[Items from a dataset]
_ _ _ _ _
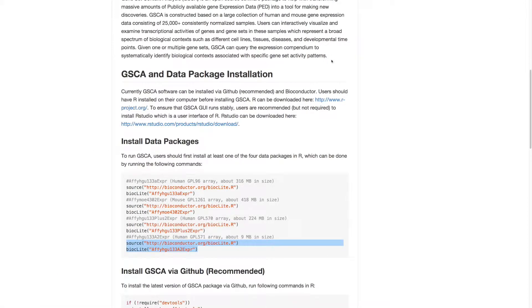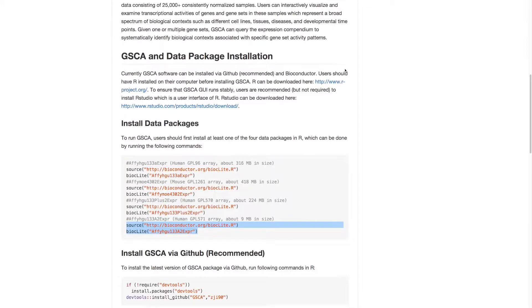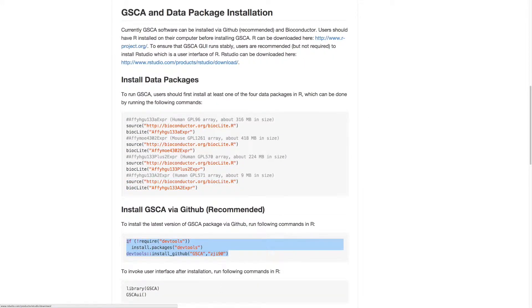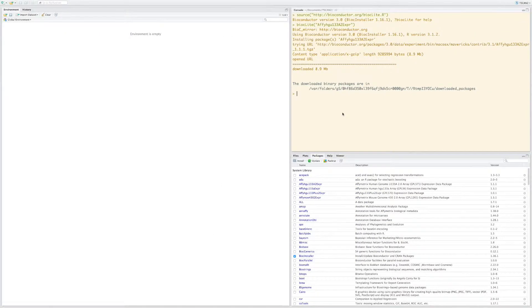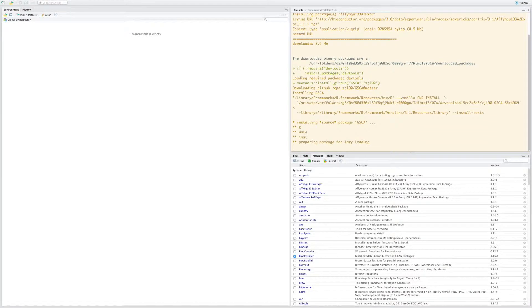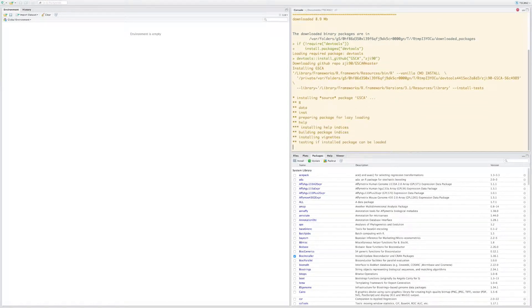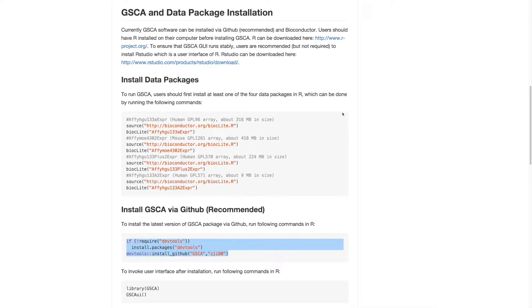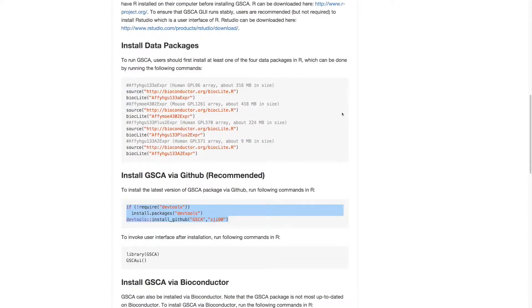The GSCA package can be downloaded and installed from GitHub by running these commands in R. After installation, the GSCA user interface can be invoked by running the following commands in R.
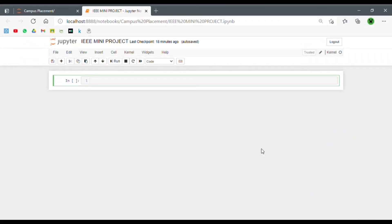Hey everyone, welcome back to our YouTube channel. In today's video in our artificial intelligence mini projects playlist, we'll be taking a look at a very classical machine learning problem: the campus recruitment dataset. Our dataset revolves around the placement season of a business school in India, with various factors on candidates getting hired such as work experience, exam percentage, and more. The main aim of our mini project is to predict whether a candidate gets hired or not.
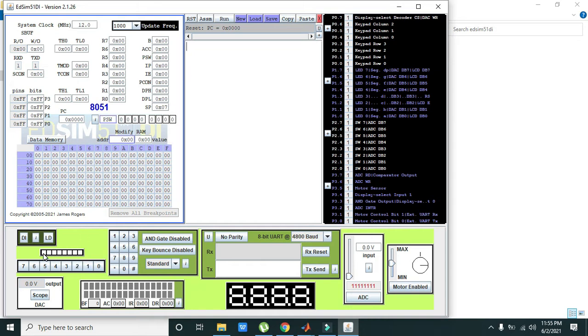The first LED is LED 0, LED 1, LED 2 and so on. So let's start our assembly program.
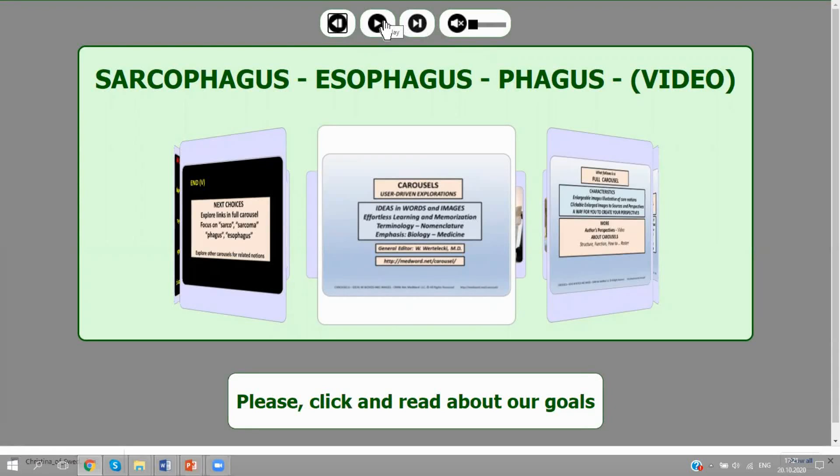This is a very short video about two terms that very often seem to be obscure to most viewers. But before we start, I need to tell you a little bit about the nature of carousels. All of these screens are clickable and they can be enlarged. So let's click.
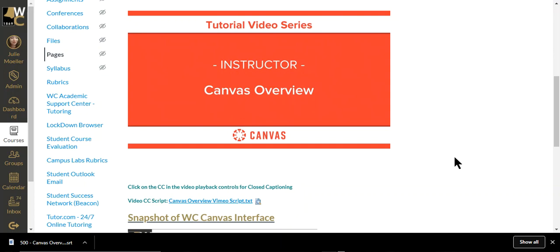All right if you have any questions about this don't hesitate to contact me Julie Moeller your technology trainer be glad to assist you.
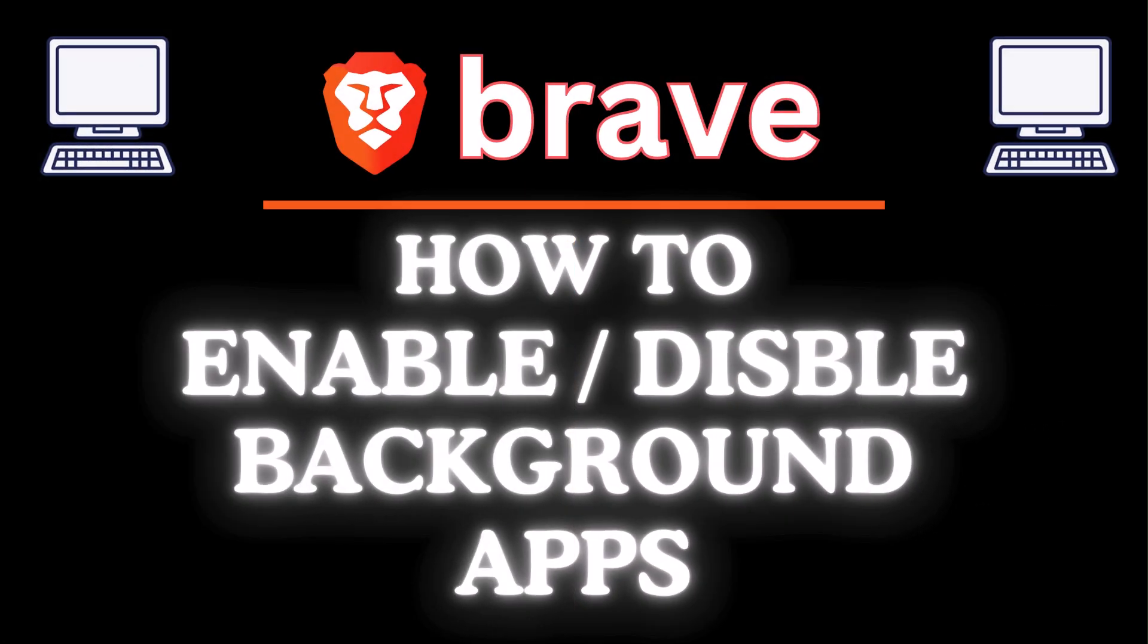This is going to be a video tutorial on how to enable or disable background apps on the Brave web browser. I will be using a desktop PC for this.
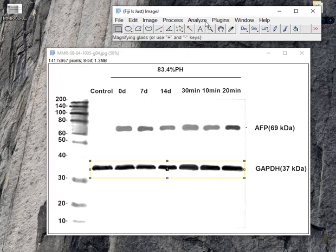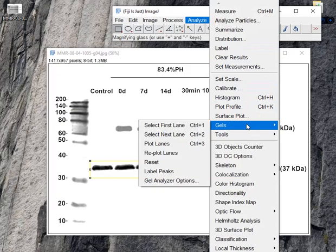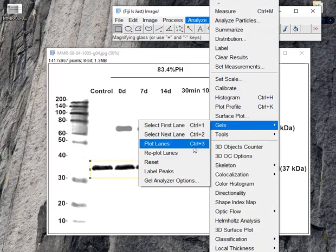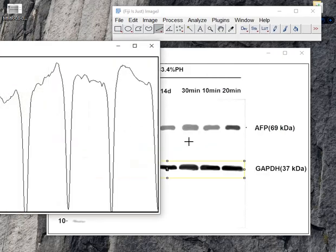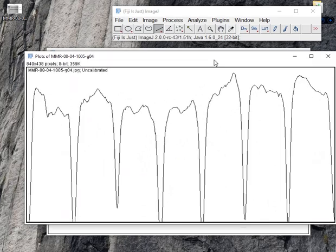Now the second thing you have to do is analyze gels and click the plot lines. So all the lines are plotted.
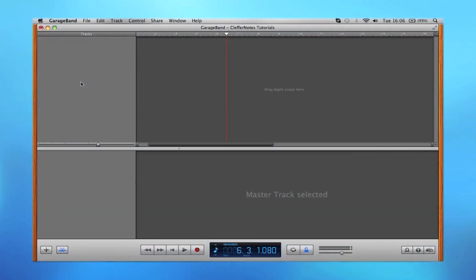Okay, so now we've learned how to convert real instruments and software instruments. Let's begin on showing you how to loop the Apple loops.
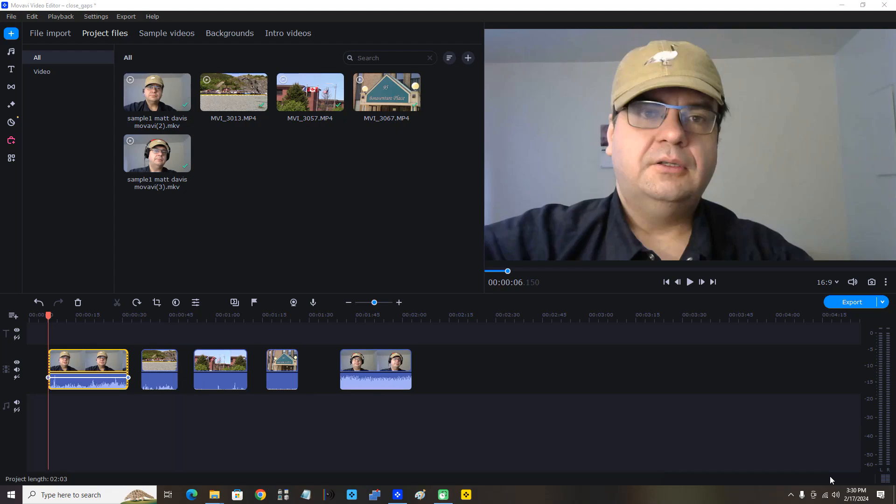In this video I'm going to demonstrate closing gaps between clips in Movavi Video Editor 2023. You can see I have a few clips here on my video track and there are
_ _ _ _ _
WHAT THE EXERCISE ASKS: Your answer should be the lines above, word for word, from the line with "This is going" through the line with "Okay, so now", minus the pictures.

OUTPUT:
This is going to be a video tutorial on how to enable or disable background apps on the Brave web browser. I will be using a desktop PC for this.
Now the second thing you have to do is analyze gels and click the plot lines. So all the lines are plotted.
Okay, so now we've learned how to convert real instruments and software instruments. Let's begin on showing you how to loop the Apple loops.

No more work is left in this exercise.